### WHAT THE EXERCISE ASKS
Please return each of the entries exactly, minus their pictures.

++++ DATA EXCERPTS

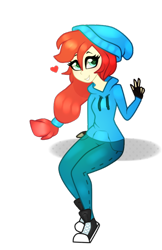 Size: 490x756 | Tagged: safe, artist:kaikururu, imported from derpibooru, oc, oc only, equestria girls, beanie, clothes, converse, equestria girls-ified, eyelashes, female, fingerless gloves, gloves, hat, heart, pants, shoes, simple background, sitting, smiling, sneakers, solo, transparent background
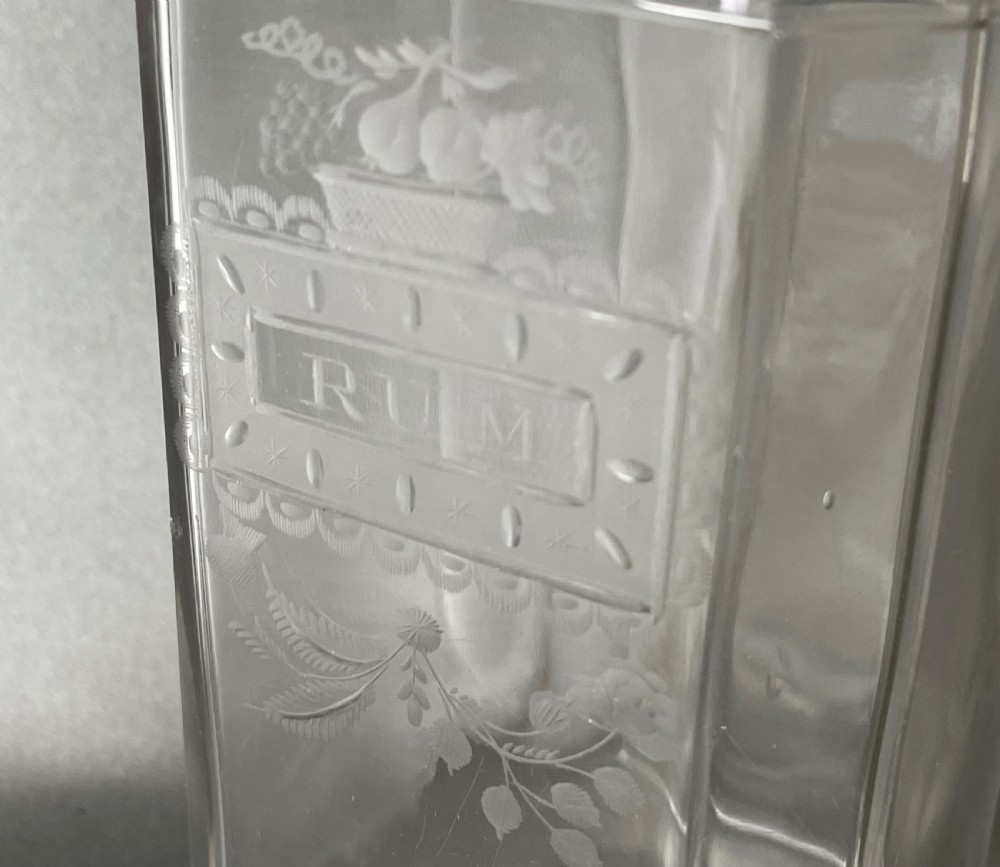 An Unusual Georgian Etched Rum Decanter View IV
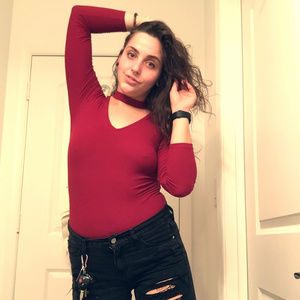 Burgundy red choker one piece leotard onesie M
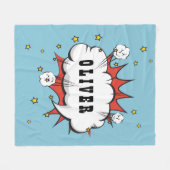 Superheld Comic Speech Cloud Boy Naam Fleece Deken (Voorkant (Horizontaal))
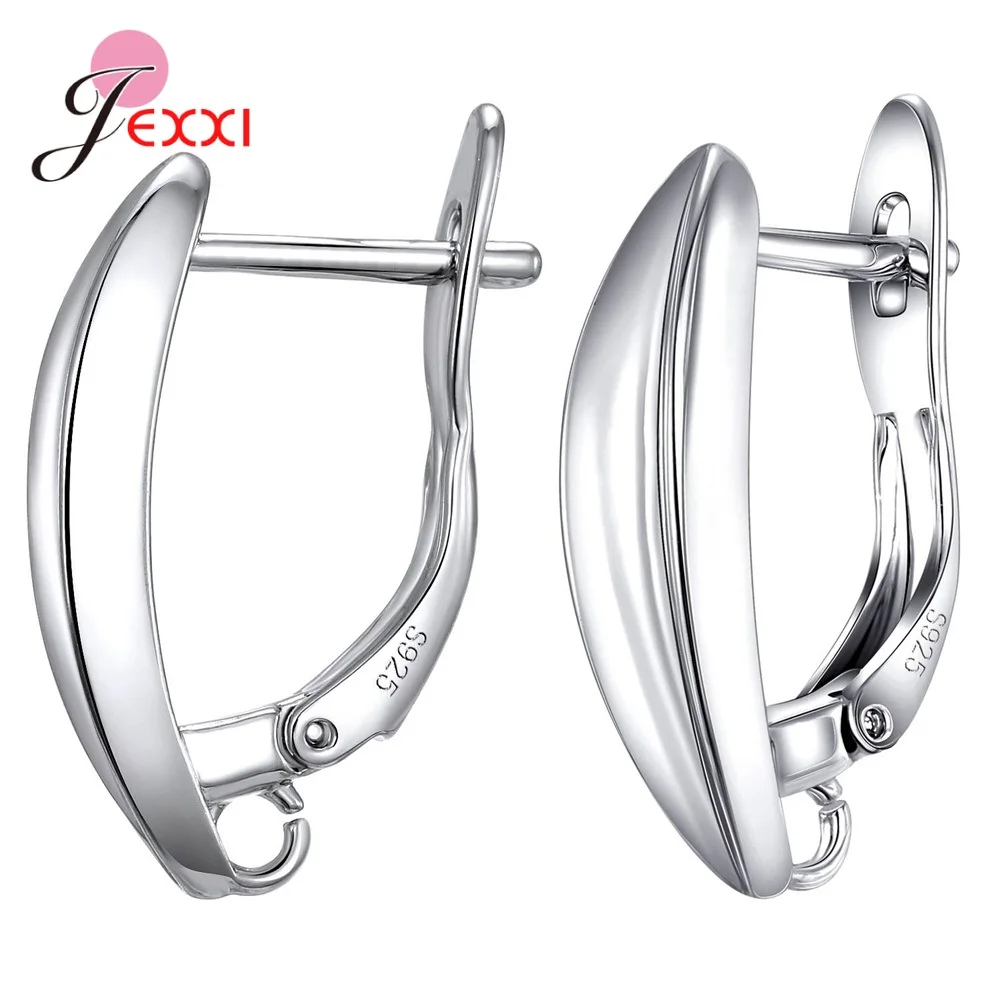 Drop Shipping Genuine 925 Sterling Silver Earrings Findings For DIY Jewelry Accessory High Quality Women Girls Jewelry Component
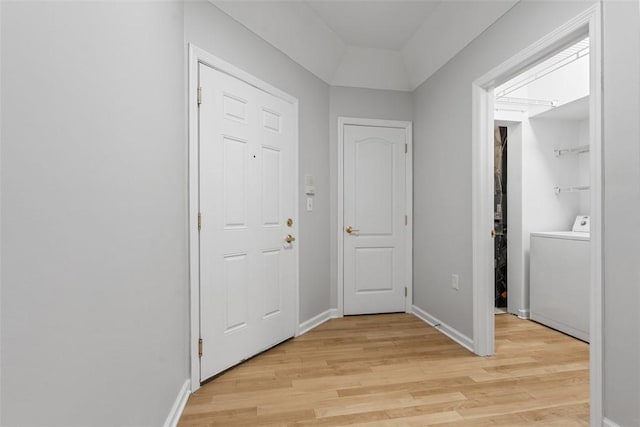 200 Hidden Ridge Ct Unit 202, South Park, PA 15129 - hallway featuring washer / clothes dryer and light wood-style flooring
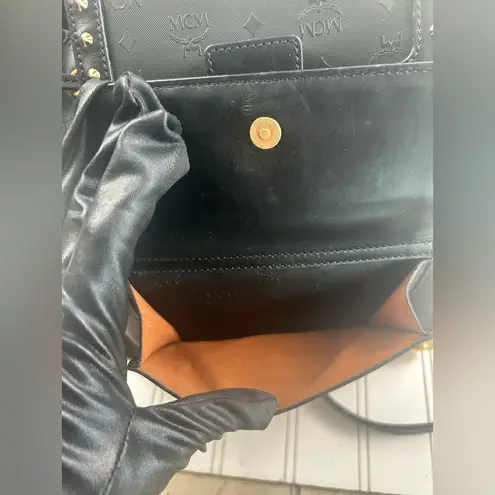 MCM Vintage Black Leather Studded Backpack with Gold-Tone Hardware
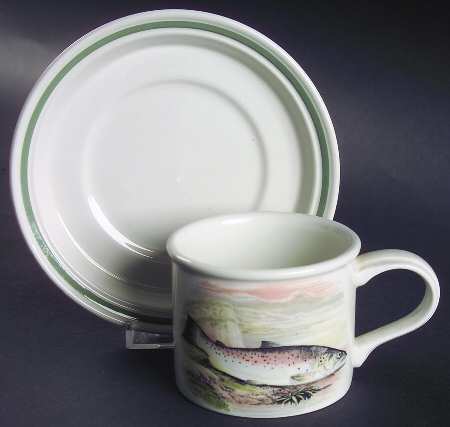Compleat Angler Band Drum Flat Cup & Saucer Set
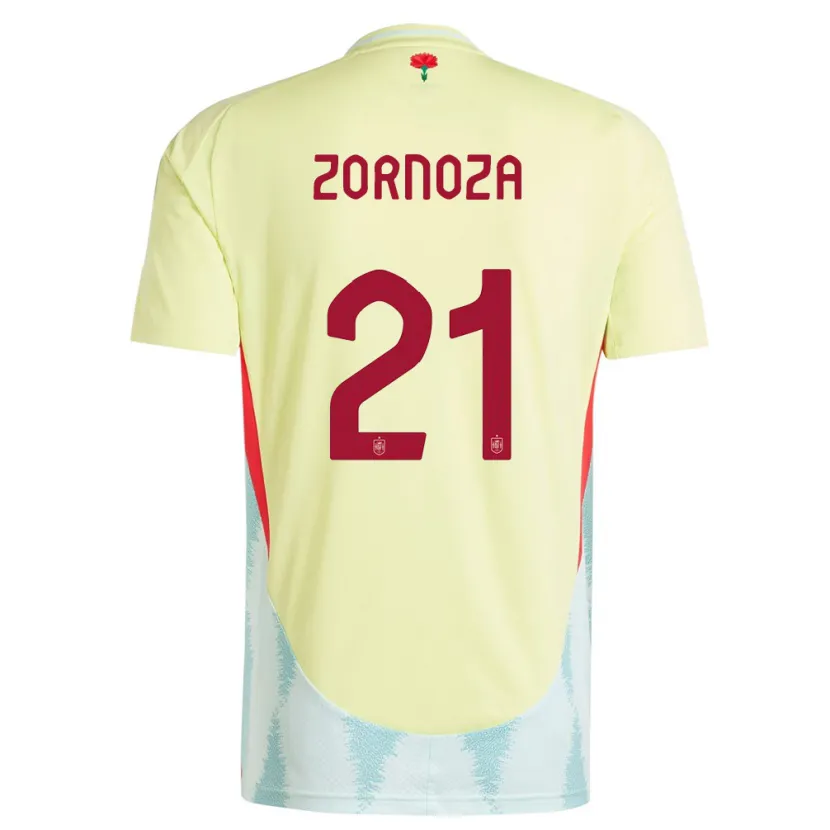 Danxen Børn Spanien Claudia Zornoza #21 Gul Udebane Spillertrøjer 24-26 Trøje T-Shirt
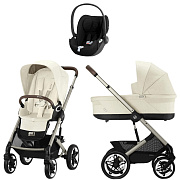 Коляска Cybex Talos S Lux TPE complete Cloud T Sepia Black 3 в 1 Seashell Beige с дождевиками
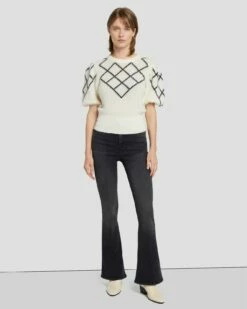 7 For All Mankind Puff Diamond Sweater In Cream 13 7 For All Mankind Puff Diamond Sweater In Cream -7 For All Mankind Sales 7N126F41 CRM 6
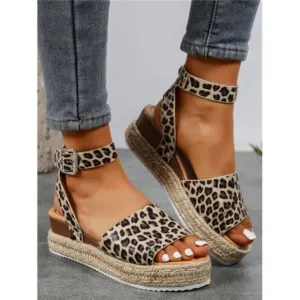 Leopard Pattern Espadrille Ankle Strap Sandals, Vacation Outdoor Wedge Sandals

++++++++

### WRITTEN ANSWER
 Size: 490x756 | Tagged: safe, artist:kaikururu, imported from derpibooru, oc, oc only, equestria girls, beanie, clothes, converse, equestria girls-ified, eyelashes, female, fingerless gloves, gloves, hat, heart, pants, shoes, simple background, sitting, smiling, sneakers, solo, transparent background
 An Unusual Georgian Etched Rum Decanter View IV
 Burgundy red choker one piece leotard onesie M
 Superheld Comic Speech Cloud Boy Naam Fleece Deken (Voorkant (Horizontaal))
 Drop Shipping Genuine 925 Sterling Silver Earrings Findings For DIY Jewelry Accessory High Quality Women Girls Jewelry Component
 200 Hidden Ridge Ct Unit 202, South Park, PA 15129 - hallway featuring washer / clothes dryer and light wood-style flooring
 MCM Vintage Black Leather Studded Backpack with Gold-Tone Hardware
Compleat Angler Band Drum Flat Cup & Saucer Set
 Danxen Børn Spanien Claudia Zornoza #21 Gul Udebane Spillertrøjer 24-26 Trøje T-Shirt
 Коляска Cybex Talos S Lux TPE complete Cloud T Sepia Black 3 в 1 Seashell Beige с дождевиками
 7 For All Mankind Puff Diamond Sweater In Cream 13 7 For All Mankind Puff Diamond Sweater In Cream -7 For All Mankind Sales 7N126F41 CRM 6
 Leopard Pattern Espadrille Ankle Strap Sandals, Vacation Outdoor Wedge Sandals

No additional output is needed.